● **PROBLEM REQUIREMENTS**
The data that follows must be transcribed in full and exactly, minus the pictures.

● **DATA SHOWN**
┏━━
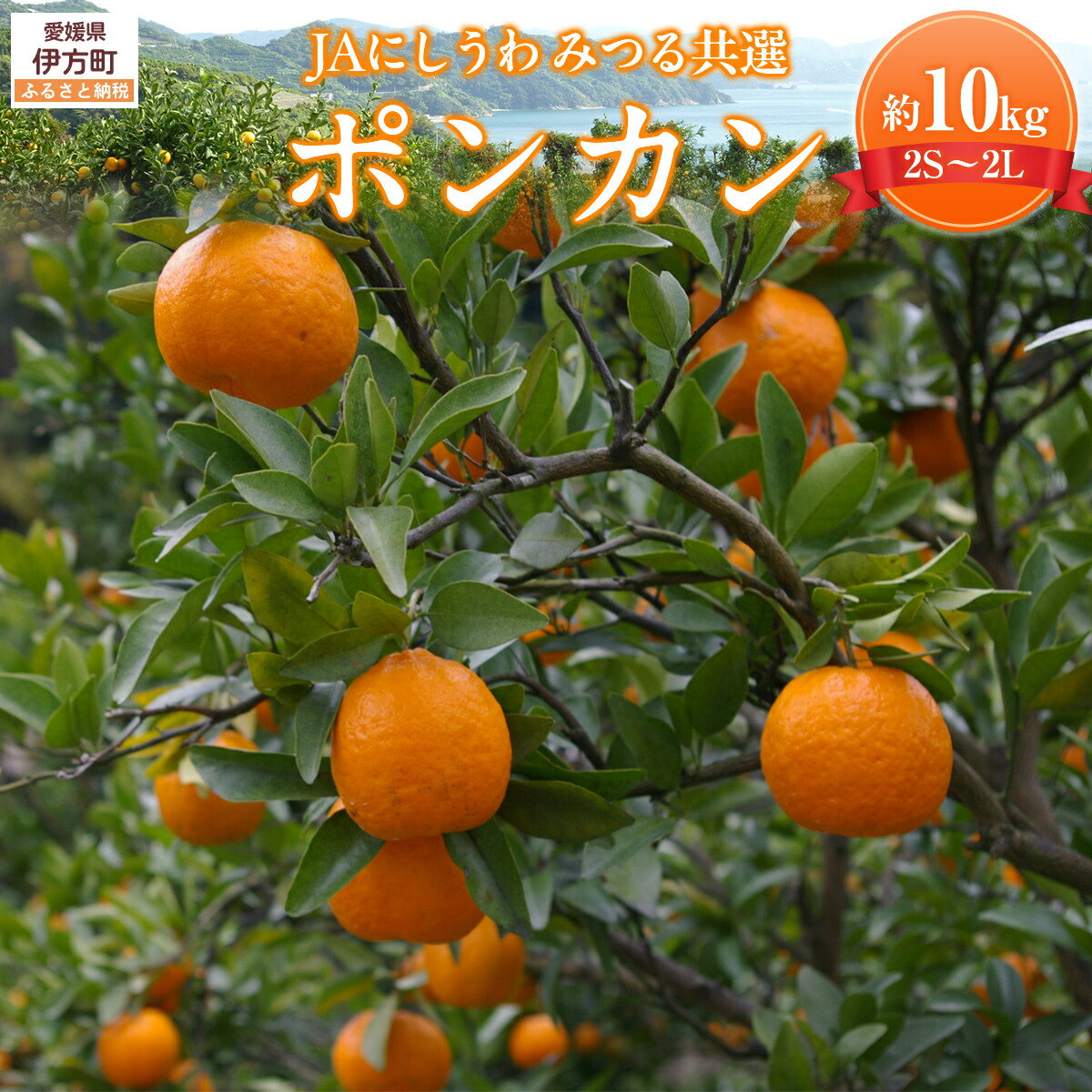 ふるさと納税】【先行予約】【数量限定】JAにしうわ みつる共選 ポンカン約10kg（2S～2L）※離島への配送（2026年1月中旬より順次発送予定） 【 ふるさと納税 人気 おすすめ ぽんかん みかん 果物 柑橘 フルーツ くだもの 国産 甘い 愛媛県 伊方町 送料無料】 IKTBC005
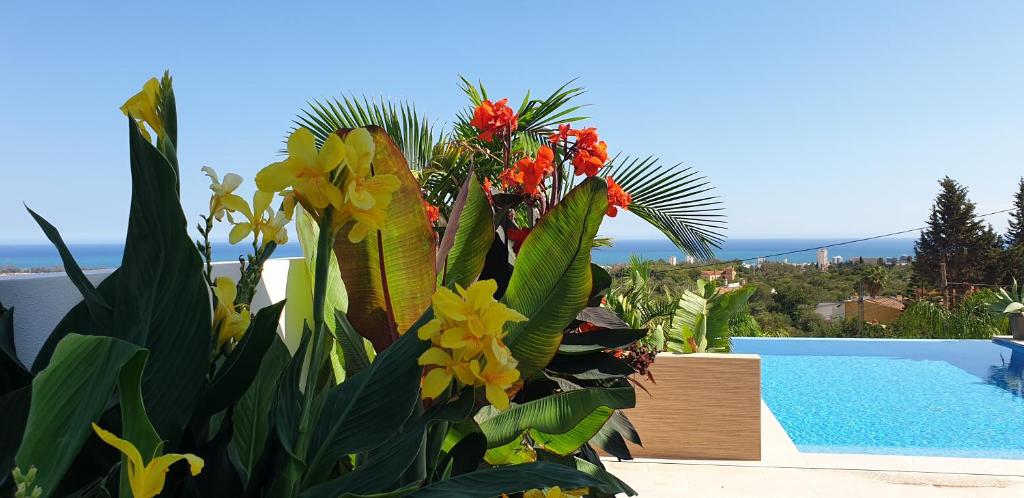 Happyplace Malaga - Villa with Panoramic Sea View Heated Infinity Saltwater Pool - 4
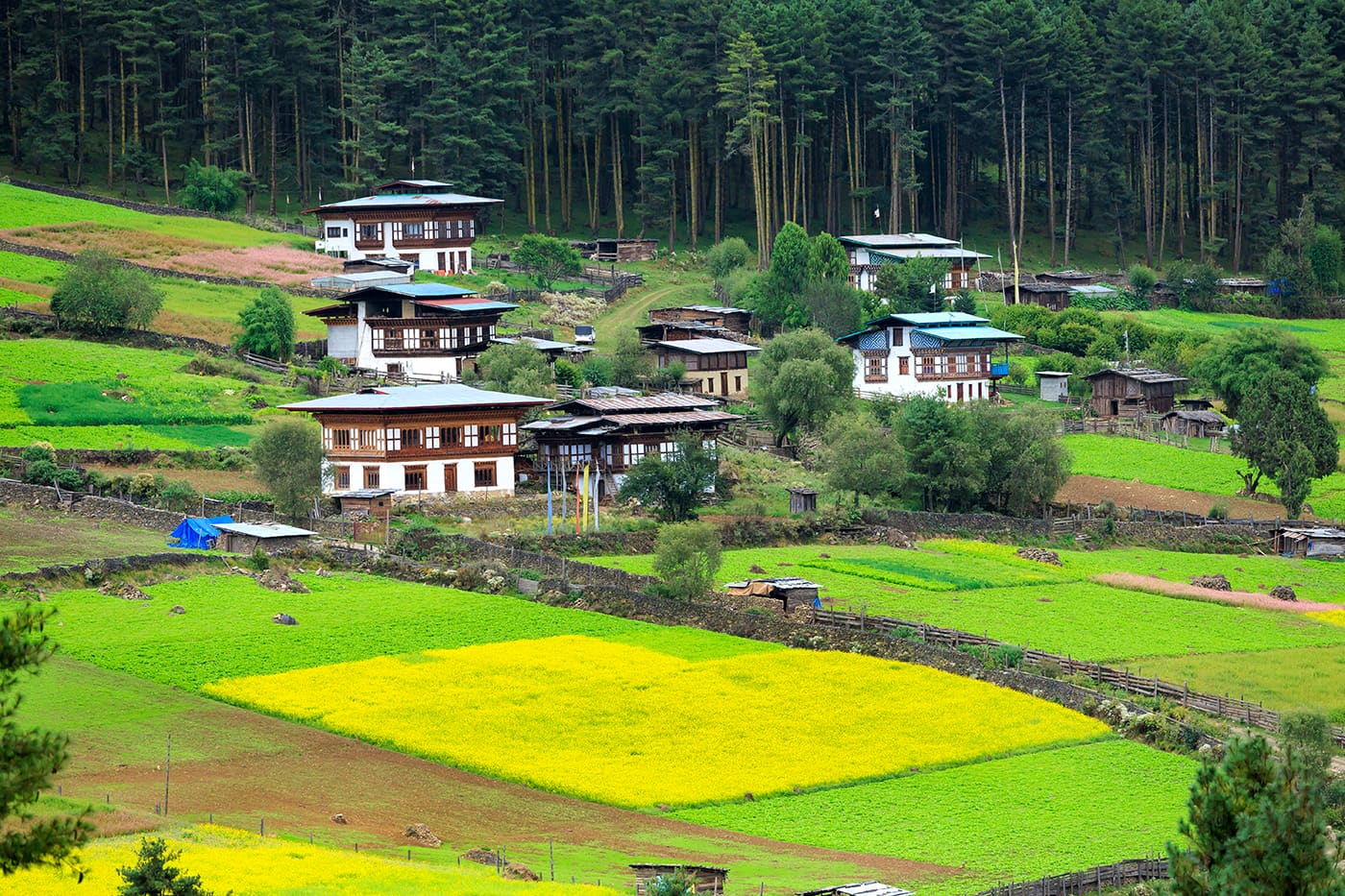 Green summer valleys in Bhutan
┗━━
● **YOUR RESPONSE**
 ふるさと納税】【先行予約】【数量限定】JAにしうわ みつる共選 ポンカン約10kg（2S～2L）※離島への配送（2026年1月中旬より順次発送予定） 【 ふるさと納税 人気 おすすめ ぽんかん みかん 果物 柑橘 フルーツ くだもの 国産 甘い 愛媛県 伊方町 送料無料】 IKTBC005
 Happyplace Malaga - Villa with Panoramic Sea View Heated Infinity Saltwater Pool - 4
 Green summer valleys in Bhutan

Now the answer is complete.